[Record extracts]

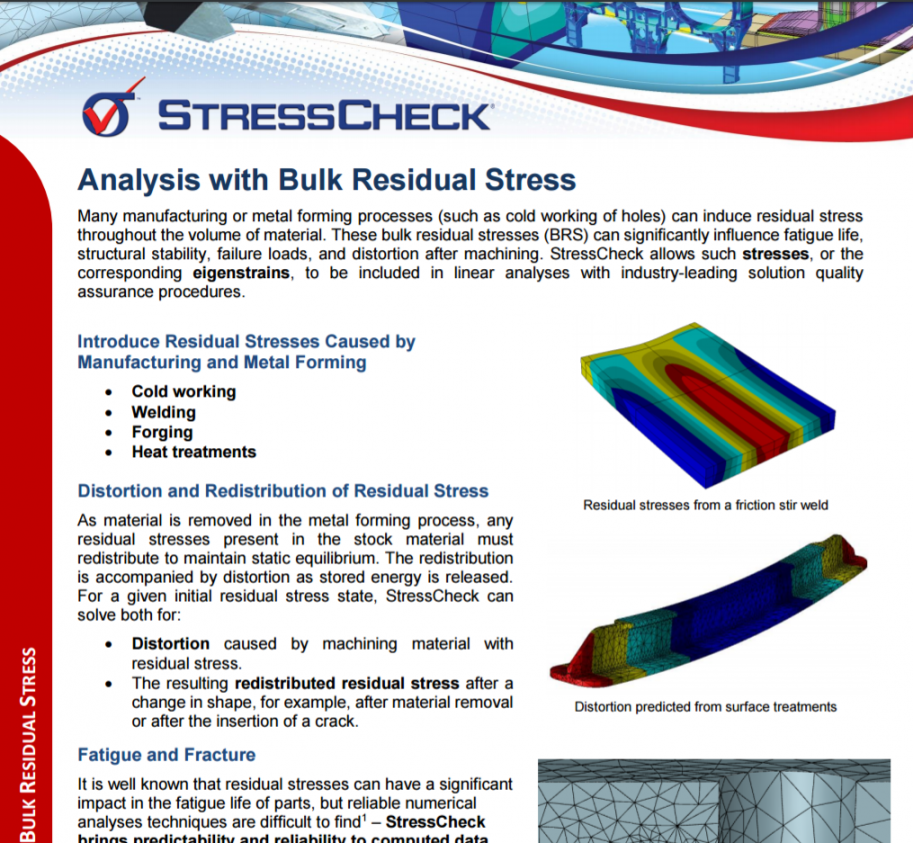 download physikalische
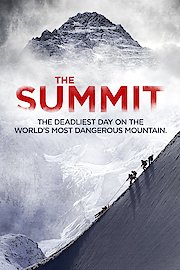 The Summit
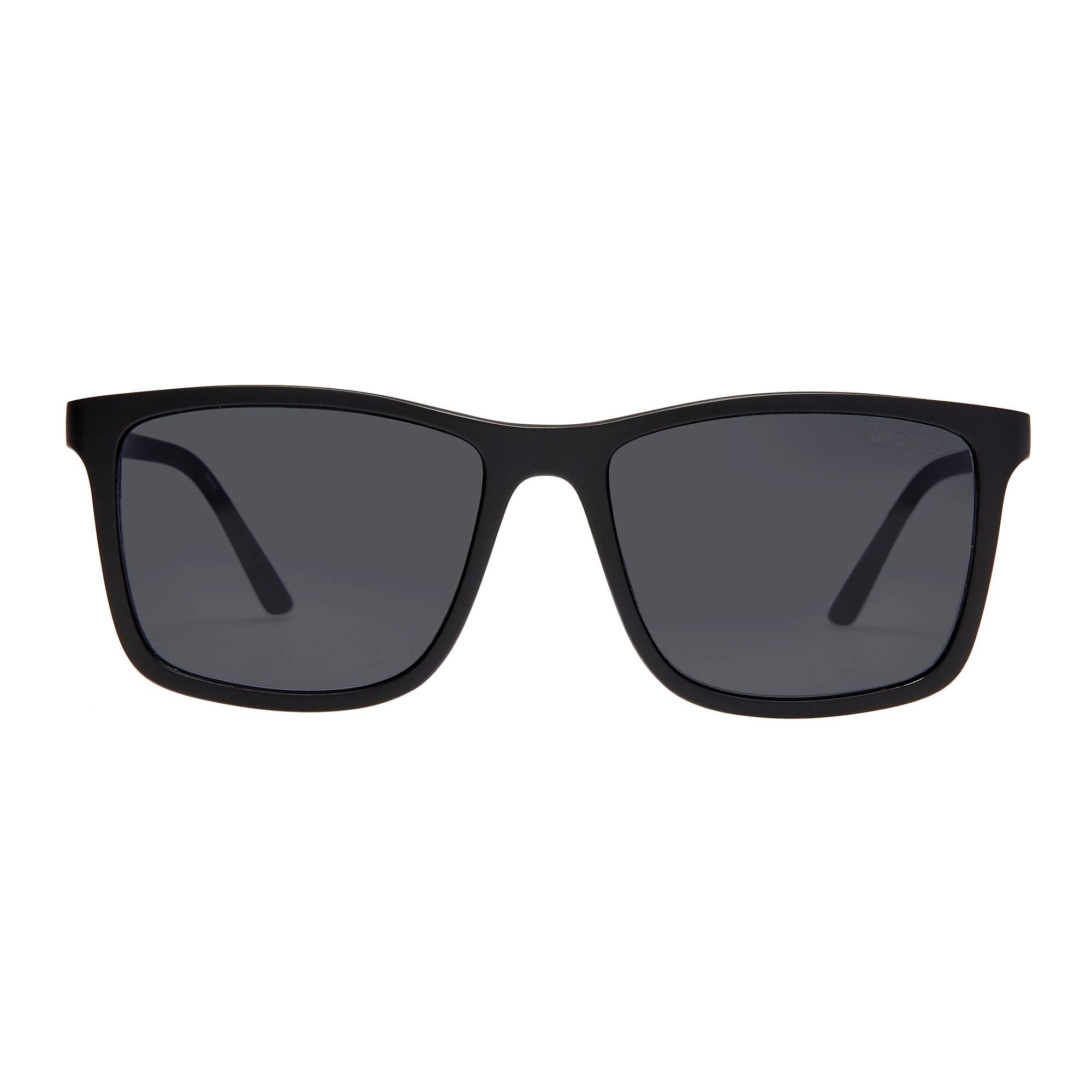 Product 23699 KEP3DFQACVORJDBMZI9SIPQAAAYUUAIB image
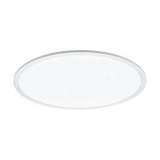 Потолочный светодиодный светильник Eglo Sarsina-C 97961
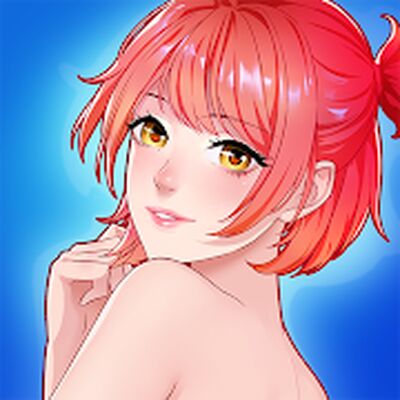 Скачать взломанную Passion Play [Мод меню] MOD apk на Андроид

[/Record extracts]

Problem statement
Restate the records above word for word, without the pictures.

Response to the task
 download physikalische
 The Summit
 Product 23699 KEP3DFQACVORJDBMZI9SIPQAAAYUUAIB image
 Потолочный светодиодный светильник Eglo Sarsina-C 97961
 Скачать взломанную Passion Play [Мод меню] MOD apk на Андроид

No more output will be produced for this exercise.